> _Work order_
Could you repeat the entries below exactly, but only from the line with "飞龙鹧鸪嘎嘎鸡精品飞龙养殖现杀发货时令滋补老幼孕妇顺丰包邮" through the line with "120025003 - LITELUX", and without any picture?

#### Material for this task ####

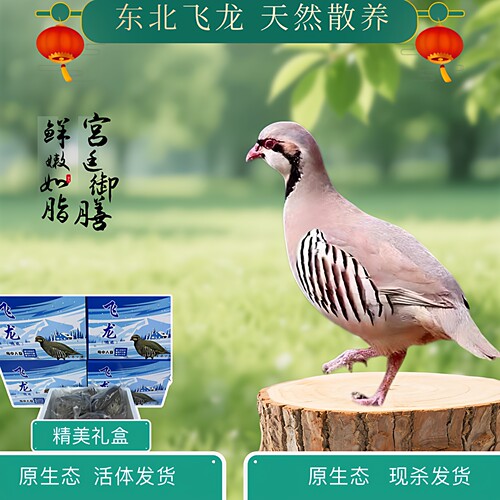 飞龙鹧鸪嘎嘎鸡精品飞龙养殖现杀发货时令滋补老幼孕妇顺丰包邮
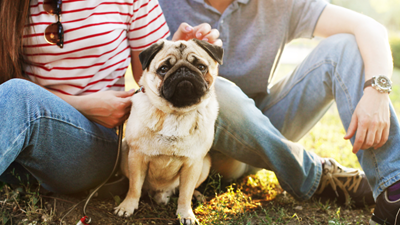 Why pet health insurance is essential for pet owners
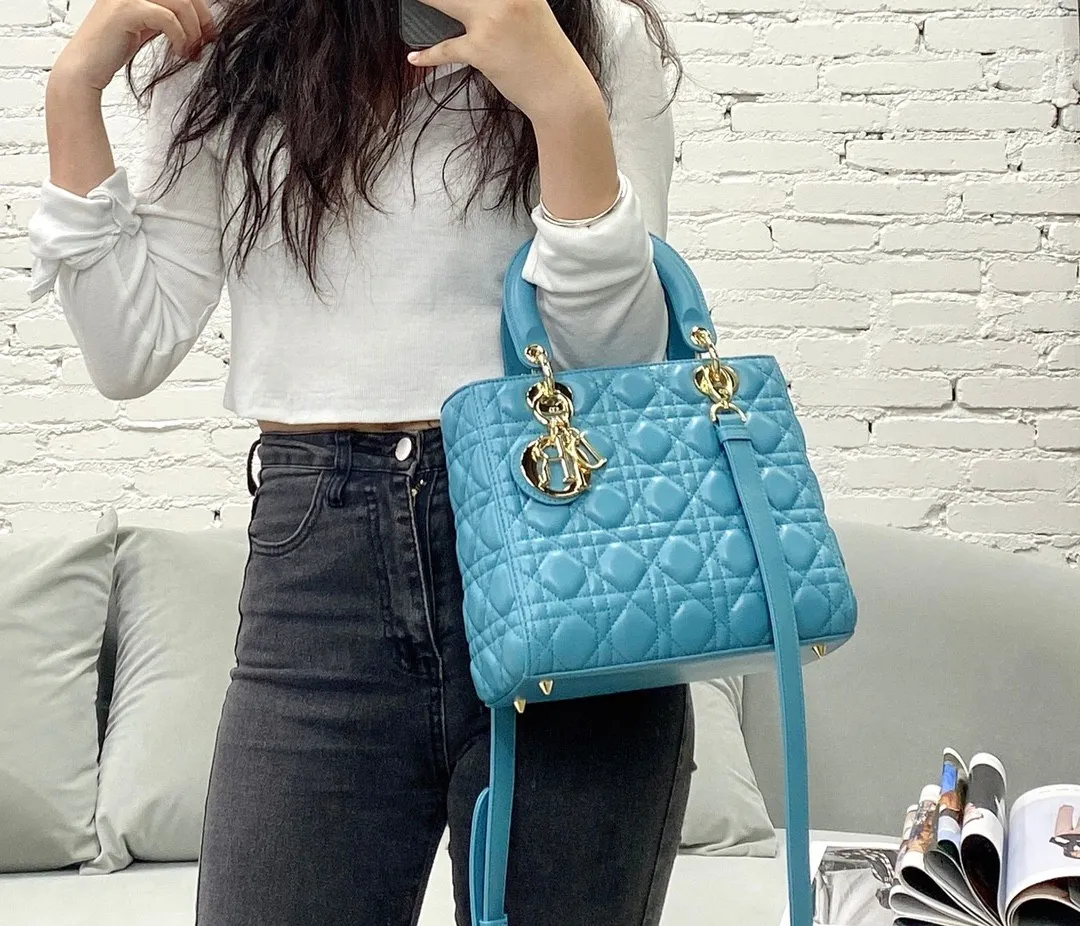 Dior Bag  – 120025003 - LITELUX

####
#### Material for this task ####

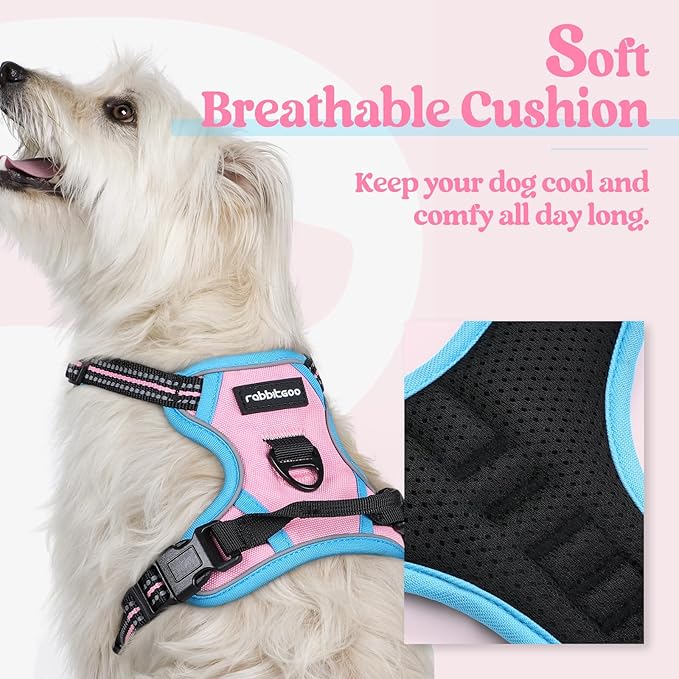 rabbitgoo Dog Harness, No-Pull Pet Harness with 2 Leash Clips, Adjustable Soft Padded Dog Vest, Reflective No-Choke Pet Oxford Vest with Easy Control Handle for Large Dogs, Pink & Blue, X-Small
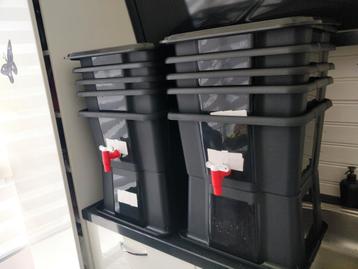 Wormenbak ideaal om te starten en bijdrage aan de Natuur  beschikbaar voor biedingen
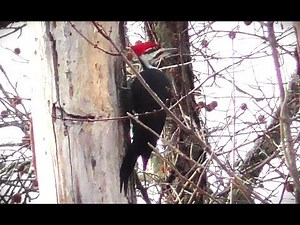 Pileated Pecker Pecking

####

> _Solution to this task_
 飞龙鹧鸪嘎嘎鸡精品飞龙养殖现杀发货时令滋补老幼孕妇顺丰包邮
 Why pet health insurance is essential for pet owners
 Dior Bag  – 120025003 - LITELUX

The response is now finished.